▶ [Information supplied]:
◆ ◆ ◆ ◆ ◆ ◆ ◆
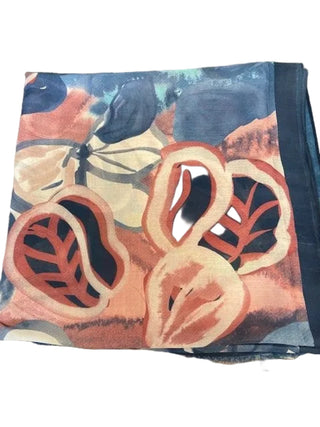 A folded patterned scarf or shawl laid on a carpeted floor, featuring an abstract botanical design with coral-red leaf shapes, cream and blue-gray areas, and a dark navy border. A person's feet in black sandals are visible at the bottom edge.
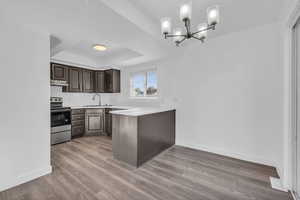 Kitchen with a raised ceiling, dark brown cabinets, electric range, and hardwood / wood-style flooring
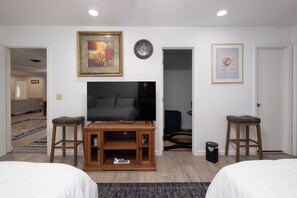 A hotel room with a television, two wooden stools, a framed picture, a clock, and a door leading to another room. - The Crew House! Spacious 4-bedroom & 3-Bathrooms with 7 Beds! (Amarillo)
◆ ◆ ◆ ◆ ◆ ◆ ◆
Begin at the first line of the listing and print each line exactly. Stop after the line containing "Kitchen with a", and omit all pictures.

▶ [Response to the exercise]:
 A folded patterned scarf or shawl laid on a carpeted floor, featuring an abstract botanical design with coral-red leaf shapes, cream and blue-gray areas, and a dark navy border. A person's feet in black sandals are visible at the bottom edge.
 Kitchen with a raised ceiling, dark brown cabinets, electric range, and hardwood / wood-style flooring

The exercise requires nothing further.